Таким образом, существует прежде всего, если можно так сказать, облик святости, общий для всех, о котором надлежит говорить прежде всего: это нечто,что должно быть присуще всем без различия. Нужно жить, "как прилично святым" (Еф. 5, 3), "совлекшись от ветхого человека с делами его" (ср. Кол. 3, 5-9) и "облекшись в нового (человека), который обновляется": "облекитесь, как избранные Божий, святые и возлюбленные, в милосердие, благость, смиренномудрие, кротость, долготерпение, снисходя друг к другу и прощая взаимно... Более же всего облекитесь в любовь, которая есть совокупность совершенства. И да владычествует в сердцах ваших мир Божий...и будьте дружелюбны. Слово Христово да вселяется в вас обильно, со всякою премудростью... И все, что вы делаете, словом и делом, все делайте во имя Господа Иисуса Христа" (Кол. 3,10 и след.).
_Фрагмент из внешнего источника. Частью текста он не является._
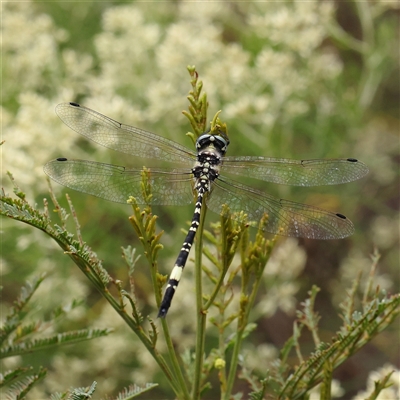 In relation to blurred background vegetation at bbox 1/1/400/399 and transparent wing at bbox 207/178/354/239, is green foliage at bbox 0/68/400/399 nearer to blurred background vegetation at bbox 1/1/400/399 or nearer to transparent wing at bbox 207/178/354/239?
transparent wing at bbox 207/178/354/239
Нельзя пренебрегать полученным даром святости: если человек принимает его, в нем неизменно отражается зрелая благость облика Христа, несмотря на грех, который неизменно подтачивает каждое творение.по природе своей слабое и несовершенное. Облик Христа отражается в творении хотя бы потому, что по благодати Божьей творению всегда дано обладать обликом Того, Кто испросил и получил для человечества прощение.

Можно определить объективное содержание святости исходя из многочисленных библейских наставлений верующим: "В вас должны быть те же чувствования, какие и во Христе Иисусе" (Флп. 2, 5). Кроме того, вся история Церкви и жизни святых рисует единую драгоценную картину.

Но нам хотелось бы поразмыслить о том особом отблеске святости, которым Бог наделяет отдельного человека. Необходима ясность в вопросе о том, какую святость уготовал Бог каждому Своему творению в отдельности: святость неповторимую и уникальную, как имя, которым Он зовет человека.

Следует прежде всего помнить, что святость - это "воля Божья" (1 Фее. 4, 3), и сказать о том, что значит для человека "творить волю Божию". Напоминание об этом могло бы показаться даже банальным, если забыть, что речь идет не об очевидном общем принципе, а о конкретной проблеме существования: святость для меня - творить то, чего хочет от меня Бог, творить Его конкретное, единственное, драгоценное и неповторимое определение 4. Святой - это "раб Иисуса", который "всегда творит волю Отца", считает "Его волю своим хлебом" втот самый момент, когда, "скорбя смертельно", он произносит последние и окончательные слова своего освящения: "Не как Я хочу, но как Ты" (Мф. 26, 39).